Already reeling from higher-than-expected costs of a settlement with private plaintiffs, BP is desperately fighting against claims by the U.S. government and private lawyers that they were grossly negligent in the April 2010 oil spill, the largest offshore discharge in American history.
After a first phase that looked at liability for the Macondo well blowout and the resulting deadly explosions on the Deepwater Horizon oil rig, U.S. District Judge Carl Barbier will use the second phase of the trial to hear about BP's efforts to stop the flow of oil.
The plaintiffs say they will show how the company was unprepared for a spill in spite of documents indicating that it knew just how large and devastating a blowout could be. BP failed again and again in the months after the spill to shut off the flow, and it raged on for 87 days until a capping device finally closed in discharge in mid-July 2010.
The most important fight of the second phase, however, will be over how much oil actually made it into the Gulf from that broken hole a mile under the surface.
The government says it was 4.1 million barrels, based on hydraulic analysis of subsea video and other scientific reviews that determined that 4.9 million barrels spewed out of the hole and 810,000 barrels were successfully collected by BP using tubes and other devices.
But BP claims only 2.45 million barrels really made it into the waters, based on different assessments of the subterranean reservoir of oil and the oil that was successfully collected.
That's a huge dispute, because if the company is found grossly negligent by Barbier, it would face a maximum pollution fine of $18 billion using the government's official total, but less than $11 billion based on BP's total.
The Clean Water Act penalties are capped at $1,100 per barrel spilled for simple negligence.
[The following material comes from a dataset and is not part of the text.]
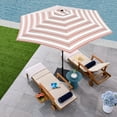 thumbnail image 5 of Best Choice Products 10ft Outdoor Steel Market Patio Umbrella w/ Crank, Tilt Push Button, 6 Ribs - Striped Rust, 5 of 7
But if Barbier finds gross negligence and willful misconduct by BP, the fines would increase to $4,300 per barrel.
BP has only budgeted for Clean Water Act fines of $3.5 billion, based on its assumption that it won't be found grossly negligent and on its own high-end calculation of 3.2 million barrels spilled.
Lowball figures are nothing new for BP. It already pleaded guilty to Obstruction of Congress for withholding data that showed more oil flowing than they initially admitted, although the former BP vice president charged with the same crime, David Rainey, is fighting the charges.
Separately, an internal BP email from two days after the explosions showed company officials telling colleagues to keep quiet about a scientist's findings that oil was likely coming out of the well at a rate 15 times higher than what BP was telling the Coast Guard.
The irony is that BP may actually find new life for their claims of a lower discharge by arguing that the oil flow actually got worse over the three-month spill. Videos of the deep sea shut-off device called a blowout preventer clearly showed how the oil, gas and sediment tore through metal and rubber valves as it spewed out of the earth.
BP says that's why the government measurements, which took actual flow from the last days of the spill and assumed it was constant, are incorrect. Instead, BP said measurements of 57,000 barrels of oil a day in mid-July should have indicated that the spill was significantly smaller when it began.